Today’s edition of The Herald [22 November 2012] carries a letter from Argyll and Bute’s MSP, Michael Russell, rebutting aspects of an article it had published yesterday.
This had centred on Mr Russell’s letter to the Ombudsman for Scottish Public Services, on a request to the Ombudsman to investigate Transport Scotland for alleged ‘maladministration’ and ‘negligence’ around the award of the contract to Argyll Ferries for a passenger only ferry service between Gourock and Dunoon.
The Scottish Government – and the Gourock Dunoon Ferry Action Group, have always maintained that the vehicle element of the former CalMac vehicle and passenger service was not in receipt of public subsidy and was profit making.
Regardless of hard evidence to the contrary, this is the position to which the Scottish Government has held and that the ferry campaigners maintain to this day.
In the second paragraph of Mr Russell’s letter to The Herald today, he clears the matter up once and for all. saying:
‘European law, among other factors, made it impossible to sustain the publicly funded vehicle service.’ [Ed: our emphasis]
In the face of this, revealed by Mr Russell himself, the ferry campaigners will find it difficult to sustain their argument that a vehicle service between Gourock and Dunoon town centres can be profitable.
That has clearly never been the case.

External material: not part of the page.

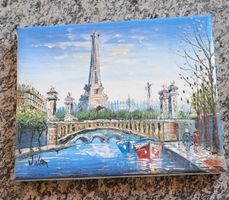 Gemälde Eiffelturm Paris auf Leinwand 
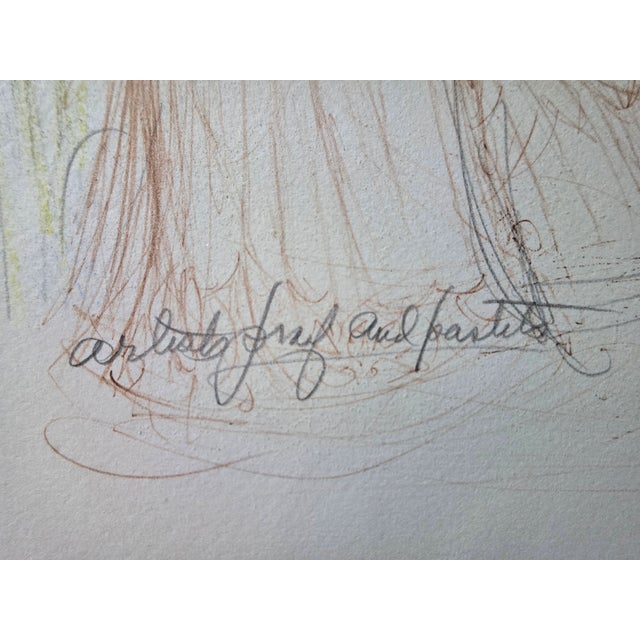 1980s Edna Hibel "Ursina" - Li365 - Signed Artist’s Proof- 12.5x18.5 Child Portrait Unframed For Sale - Image 6 of 8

It was always a loss making operation in need and in receipt of public subsidy.
This admission also makes it hard to see quite how Transport Scotland and the Transport Ministers in question can have been guilty of ‘maladministration’ and ‘negligence’ – in so far as the Gourock-Dunnon ferry campaign group is concerned, at any rate. The view of the European Commission may be a little different.
The Transport Ministers had simply established a legally subsidised passenger-only ferry service on this route, ceasing what is now admitted to have been an unlawfully subsidised vehicle service element.
The Ombudsman may find that any investigation conducted can reach a swift conclusion.